Molti hobbisti fanno troiai, sono praticamente allevatori di varroa, non sanno tenere le api perché non sono portati o non hanno tempo e nemmeno tanta preparazione, però fanno anche comodo ai professionisti perché creano un mercato ricomprando le api che gli muoiono, e hanno sempre bisogno di imparare. 

Io faccio da tempo attività di divulgazione e didattica attraverso lezioni nelle scuole, vorrei fare un apiario didattico, sono tutti terrorizzati dal fatto che le api pungono, ma questo va messo in conto, non è un dramma. 

Il bello di questo lavoro è che mi ha permesso di rivestire più ruoli: studente, insegnante, consulente, piccola imprenditrice, divulgatrice didattica. 

Comunque tanto lavoro e quattrini pochi, prima della varroa ci sono stati apicoltori che hanno fatto i soldi, casa, capannone, mezzo.

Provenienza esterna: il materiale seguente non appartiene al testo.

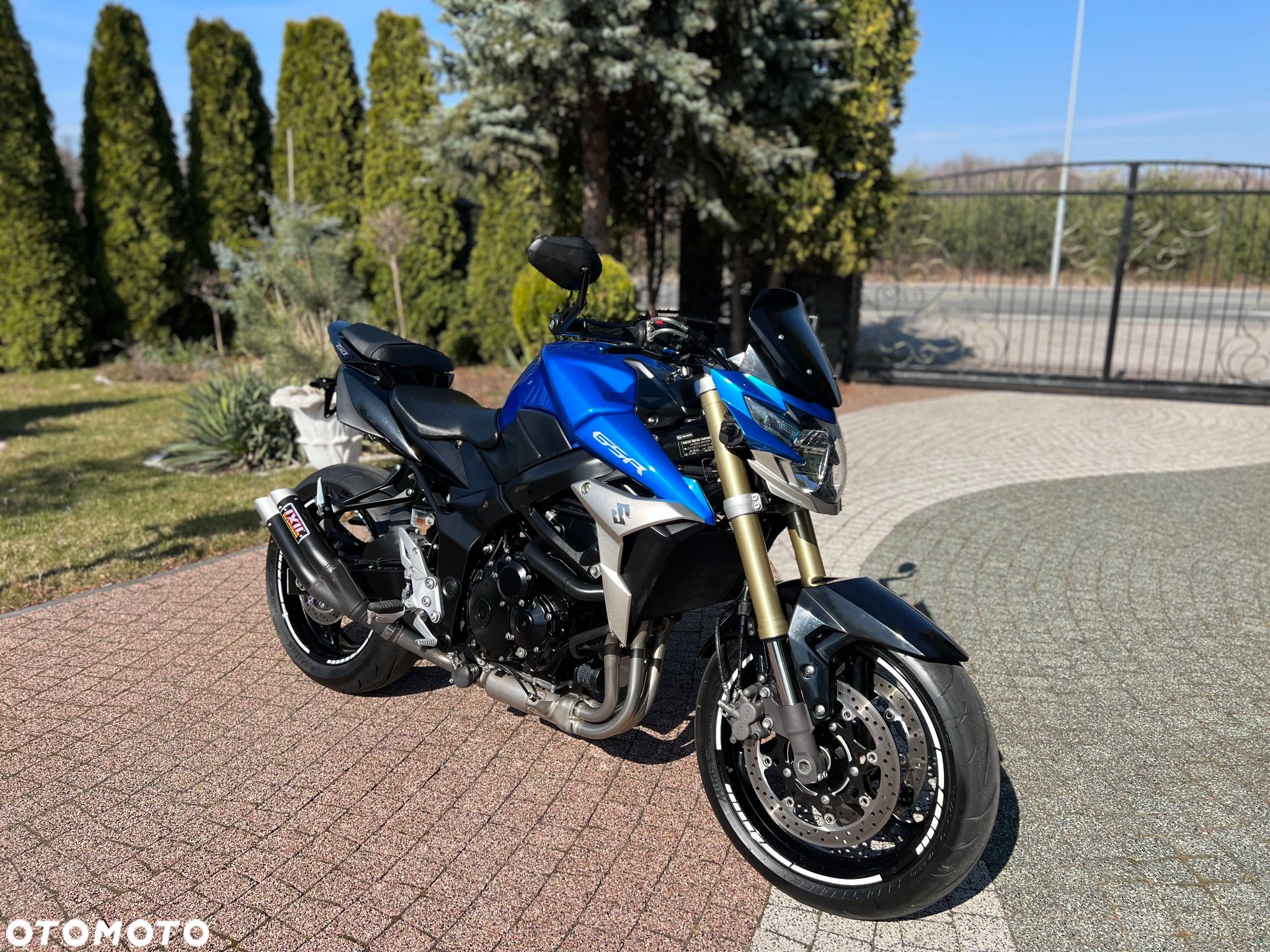 Suzuki GSR - 1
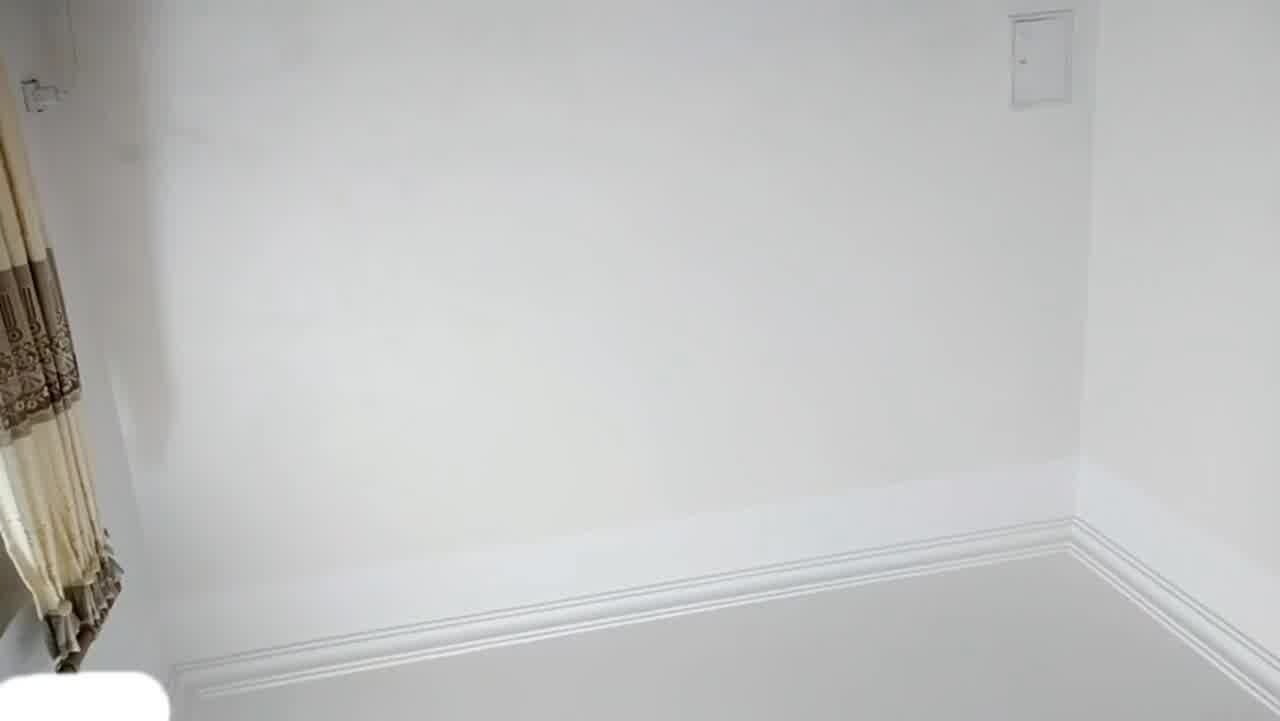  站街女随便挑，选了个不错御姐，到小房间开操，口硬双腿肩上扛爆操 的剧照3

Ora sopravvivi, lo puoi fare come integrazione ad un reddito fisso, noi si riesce a vivere anche con poco, non ci interessa a spendere in vestiti, uscite, auto, anche perché sposi una vita che ti tiene sempre qui, a lavorare, ti abbrutisci… 

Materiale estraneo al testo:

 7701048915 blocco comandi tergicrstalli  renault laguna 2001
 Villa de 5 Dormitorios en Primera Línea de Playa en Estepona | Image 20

Io sono titolare e lavoratrice, ora ho con me una ragazza che vuole imparare ma non la posso pagare, ci sono periodi in cui entrano soldi in altri no, menomale che c’è un'altra entrata fissa con Alessandro.

I guadagni arrivano per la vendita del miele, della melata e della pappa reale che si fa tramite passaparola, mercatini, attraverso i GAS; a conferire alle cooperative che poi te lo rivendono c’è poco margine, e non è giusto che io lavoro e loro ci guadagnano. 

Poi vendo gli sciami: per creare l’alveare devi avere tante femmine operaie ed una regina e dovresti pure imparare a farti una regina, e per chi non lo sa, ecco perché vedi questa scatolina con le regine, che anche loro si possono vendere. 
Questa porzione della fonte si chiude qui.